Moses points us to the fact that God is His people’s refuge. Our refuge, our place of belonging, our place of safety is not found in anything that the world has to offer to us, but only in God himself; and God, unlike the ephemeral, transient, passing, instant-but-not-permanent world in which we live…God is eternal. He was, and is, and ever shall be. Before the mountains were brought forth, or ever the earth and the world was made, He was already God. He has been the dwelling place not only to us, but generations before us, and He will be for generations to come, if the Lord should tarry. And Moses takes great comfort in that. It centers him in this crazy world.

You can imagine Moses in the wilderness under the constant pressure of shepherding hundreds of thousands – millions – of people. He could have been caught up in the moment, in the instantaneous, in the impermanent; but here he directs us to God, who is our home, refuge, city, and the place where His people belong. You know the motto of God’s people is ‘Here we have no continuing city, but God is our dwelling place, and we seek a city to come.’

And so Moses points us to what? To theology, to ground us in the busy-ness and the passing-ness and the transience of life. He points us to the eternality of God. He says if you want to be equipped and ready to cope with and to thrive in this crazy world of business and pressure around you, then you’re going to need to think a moment about God, and you’re going to need to draw strength from who God is.

And he says this about God: God is your only dwelling place; God is the only place where you will ultimately find your belonging; and, God lasts forever. He is unchanging, unchangeable; He is eternal.

Do you remember the scene in The Lord of the Rings? Was it Frodo or Sam, who looks up into the sky in one of the darkest moments in the story, and he sees a star? Now he’s in the midst of the land of the Dark Lord, and everything is black around him. Everything is dead, and everything is dying, and there is no hope. But he looks up and he sees one star shining; and he draws hope, he says, because at least that beautiful thing had not been darkened and besmirched by all the evil which surrounded him. Seeing one thing that was eternal and beautiful gave him hope in a hopeless moment.

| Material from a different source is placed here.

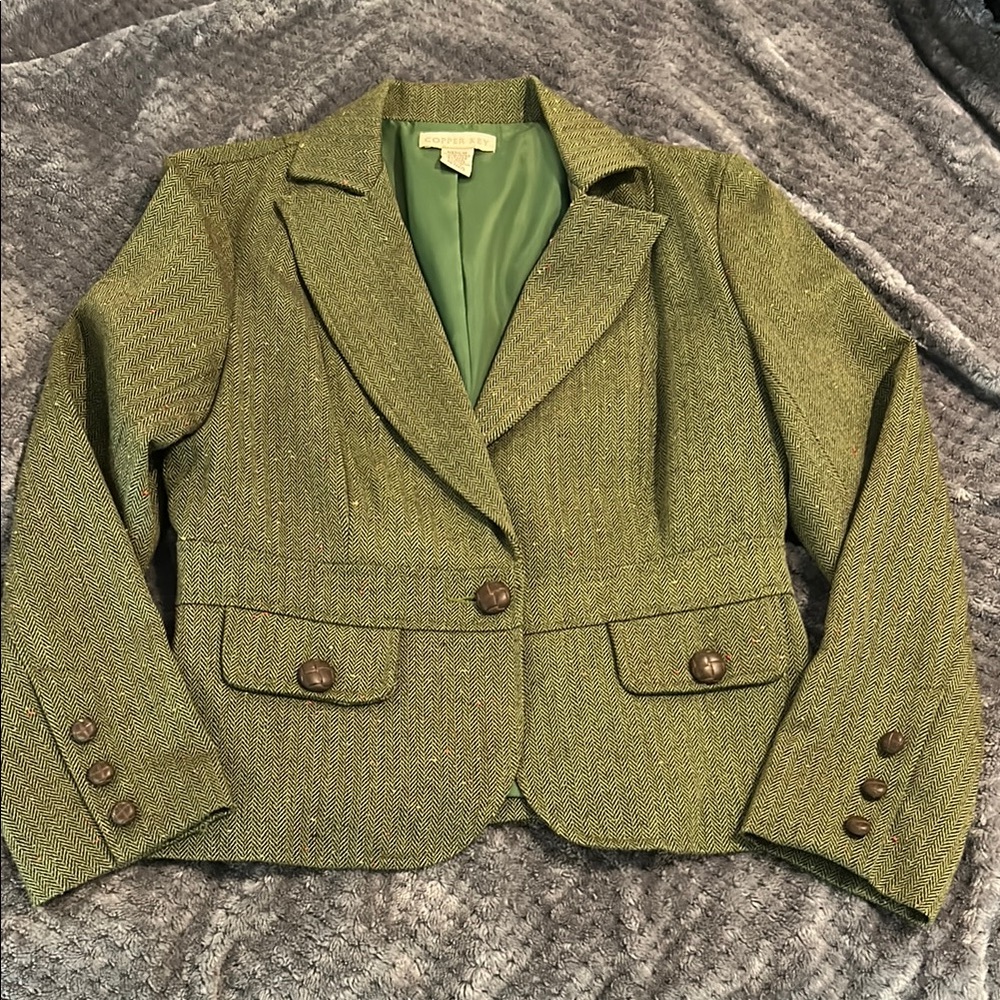 Amazing Perfect Condition Green Treed Herringbone Structured Blazer Jacket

Well, here is Moses saying to you, as you look at death and transience and transition all around you, as you see generations of men rise and pass away just like a flood…and how can our minds not be seared with the images that we’ve seen from Iowa this week, as we hear God say that we pass away like a flood? Or see in our eyes the picture of grass? Have you ever seen grass, or maybe even some little mushrooms, grow up on a wet summer morning in Mississippi? And you leave your house and your yard is full of mushrooms, but by the time you come home in the afternoon, they’re all gone. And the yard man hasn’t been! In the sun they wither up and shrink, and disappear. And Moses says that’s the way it is in this life. People come, people go. People live, people die. People move here, move there. It’s all so passing. It’s all so transient. But God is eternal, and He alone is your refuge.

God’s eternality is the answer to our transience. He is the hope in the midst of this passing world. We have no continuing city here, but He is our dwelling place, and we seek a city to come.

Moses is giving us a word of comfort here, but I must say even as I tell you that the Lord himself is our refuge, I have to emphasize that He is our refuge. Now that’s not only an encouragement, but there’s an exhortation in that. He’s our refuge in that God has not called us in this life to be Lone Rangers. There are generations after generations of our people who have gone before us to whom He has been a refuge. There are thousands of people, to whom Derek referred in the prayer, millions of people around the world who are our brothers and sisters in Jesus Christ that we have never even met, and He is to them a refuge, too. But God has called us into that great company of saints, and they too can testify that He is the refuge and dwelling place of our people. And that ought to be to our comfort and encouragement. We are not making some sort of crazy monomaniacal claim that’s never been experienced by anyone else before. No, in fact, we are not Lone Rangers; we are part of a company that no man can number. As the sands of the seashore, as the stars in the sky, so is the company of the people who can say, ‘Yes, God is my dwelling place.’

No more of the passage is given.